Tokoh Viral Hari Ini
Mengenang Umbu Landu Paranggi Lewat Barisan Sajaknya, Ini 5 Puisi Karya Sang Presiden Malioboro
Mengenang Umbu Landu Paranggi lewat sajak-sajaknya, ini 5 puisi karya penyair berjuluk Presiden Malioboro.
Penulis: Gigih Panggayuh Utomo
Editor: Ika Putri Bramasti
Reporter: Gigih Panggayuh
TRIBUNSTYLE.COM - Mengenang Umbu Landu Paranggi lewat sajak-sajaknya, ini 5 puisi karya penyair berjuluk Presiden Malioboro.
Dunia sastra Tanah Air kehilangan salah satu sosok penyair hebat, Umbu Landu Paranggi dikabarkan meninggal pada Selasa (6/4/2021).
Sang sastrawan mengembuskan napas terakhirnya di Bali, pada pukul 03.55 WITA.
Sederet ungkapan belasungkawa dari para sastrawan dan warganet mengalir di media sosial.
Sejumlah kata-kata seperti 'Presiden Malioboro' hingga '#MaiyahBerduka' menempati trending di Twitter pada Selasa (6/4/2021).
Sebagai informasi, Umbu Landu Paranggi terkenal dengan julukannya, yakni Presiden Malioboro.
Baca juga: Mengenang Umbu Landu Paranggi, Penyair Sumba Berjuluk Presiden Malioboro, Meninggal di Usia 77 Tahun
Baca juga: 5 Puisi tentang Ibu Karya Penyair Terkenal Indonesia, dari Chairil Anwar hingga Joko Pinurbo
 
Umbu Landu Paranggi juga dikenal sebagai sosok guru bagi penyair kondang seperti Emha Ainun Nadjib atau Cak Nun, Korrie Layun Rampan, hingga Eko Tunas.
Lewat klub sastra yang ia dirikan, lahir banyak sekali sastrawan besar Indonesia.
Ia sendiri, telah banyak melahirkan karya-karya berupa sajak.

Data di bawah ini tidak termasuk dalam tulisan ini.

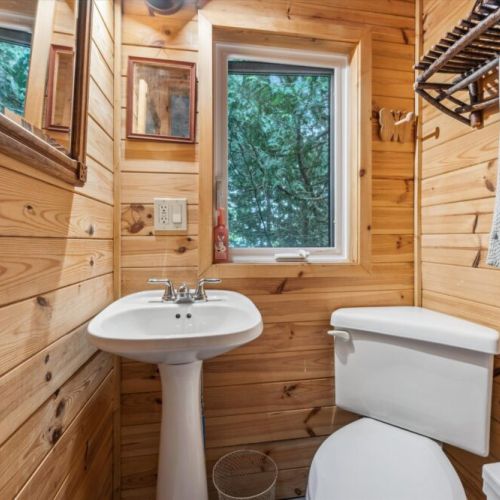 A second bathroom offers cottage comfort with hand-built shelving, a pedestal sink, and calming forest views through the window — all framed in knotty pine.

Dirangkum dari berbagai sumber, inilah 5 puisi karya Umbu Landu Paranggi.
Ibunda Tercinta
Perempuan tua itu senantiasa bernama:
duka derita dan senyum yang abadi
tertulis dan terbaca jelas kata-kata puisi
dari ujung rambut sampai telapak kakinya
Perempuan tua itu senantiasa bernama:
korban, terima kasih, restu dan ampunan
dengan tulus setia telah melahirkan
berpuluh lakon, nasib dan sejarah manusia
Perempuan tua itu senantiasa bernama:
cinta kasih sayang, tiga patah kata purba
di atas pundaknya setiap anak tegak berdiri
menjangkau bintang-bintang dengan hatinya dan janjinya
Sumber: Tonggak 3: Antologi Puisi Indonesia Modern (ed) Linus Suryadi AG, Gramedia, Jakarta, 1987.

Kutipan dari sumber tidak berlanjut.